## Task instructions
Lift out, unaltered, the lines of the material below between the line holding "Used MOSCHINO Cashmere" and the line holding "ST 1910 - Byrkley", counting both.

## Supplied information
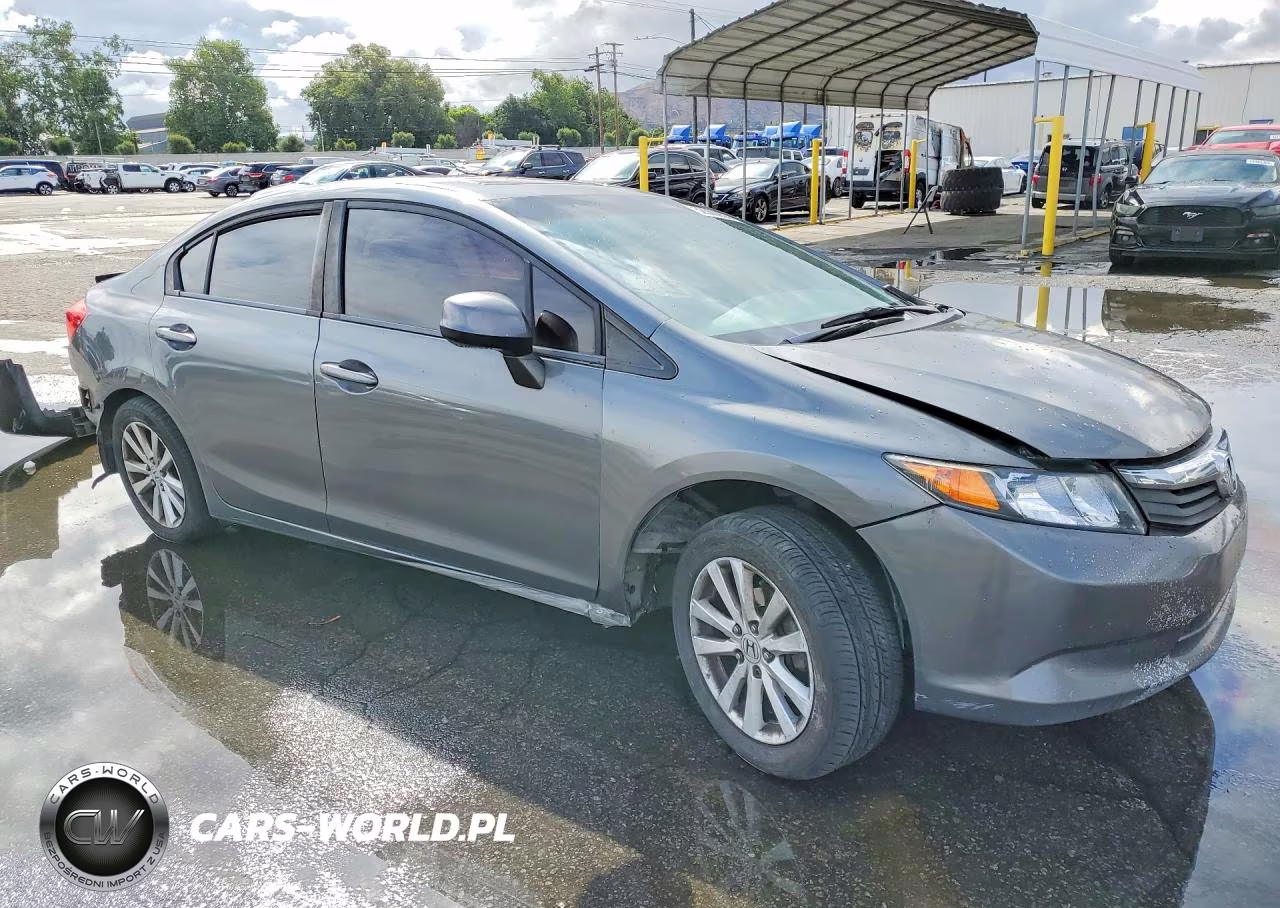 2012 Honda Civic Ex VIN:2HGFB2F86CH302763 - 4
* * *
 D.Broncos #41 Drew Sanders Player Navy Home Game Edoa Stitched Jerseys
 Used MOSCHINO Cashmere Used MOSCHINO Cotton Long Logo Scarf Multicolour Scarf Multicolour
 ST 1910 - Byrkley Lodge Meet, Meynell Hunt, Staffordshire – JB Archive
--
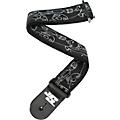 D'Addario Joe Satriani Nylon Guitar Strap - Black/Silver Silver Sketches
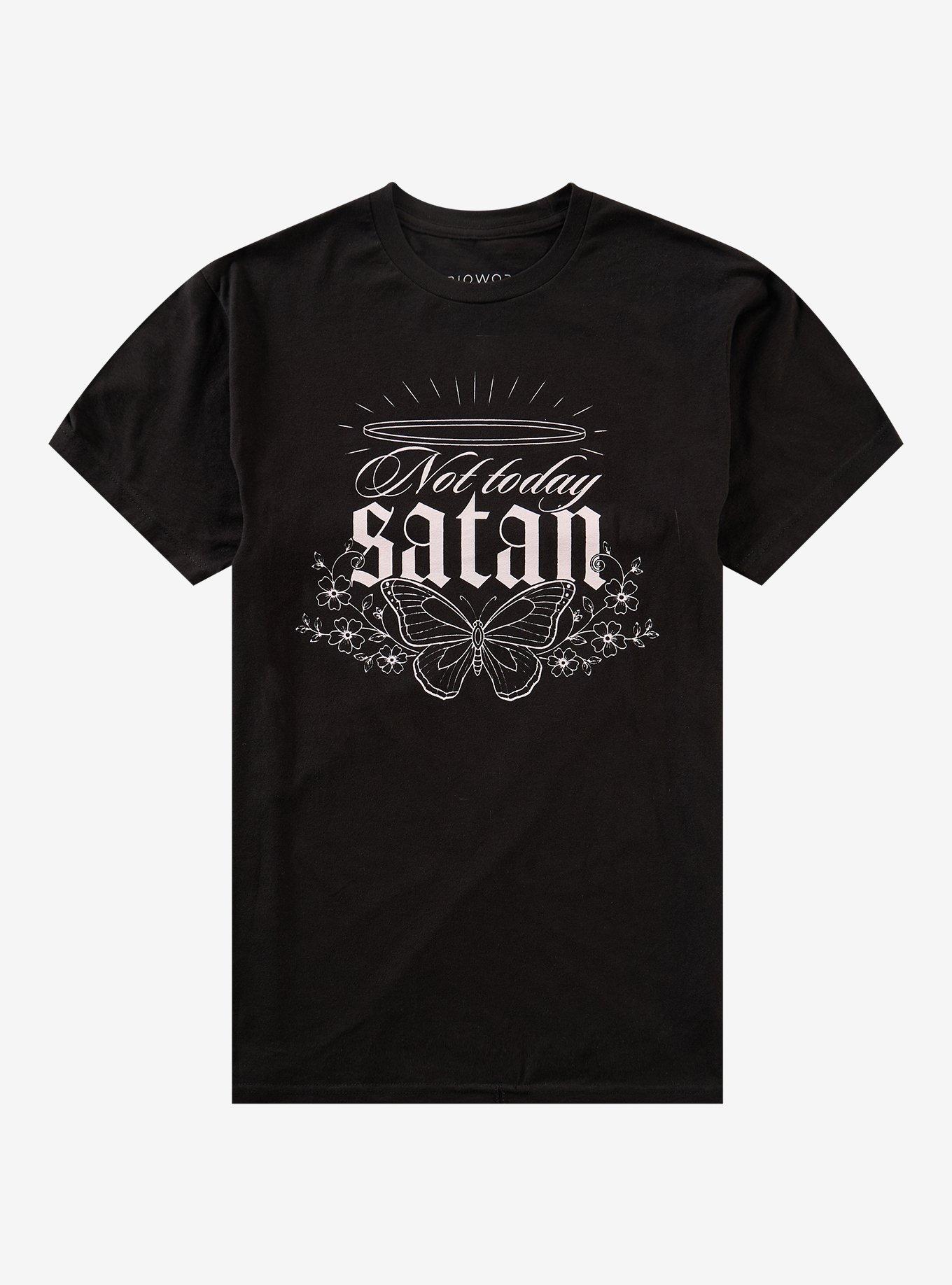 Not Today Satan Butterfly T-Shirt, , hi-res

## Completed task
 Used MOSCHINO Cashmere Used MOSCHINO Cotton Long Logo Scarf Multicolour Scarf Multicolour
 ST 1910 - Byrkley Lodge Meet, Meynell Hunt, Staffordshire – JB Archive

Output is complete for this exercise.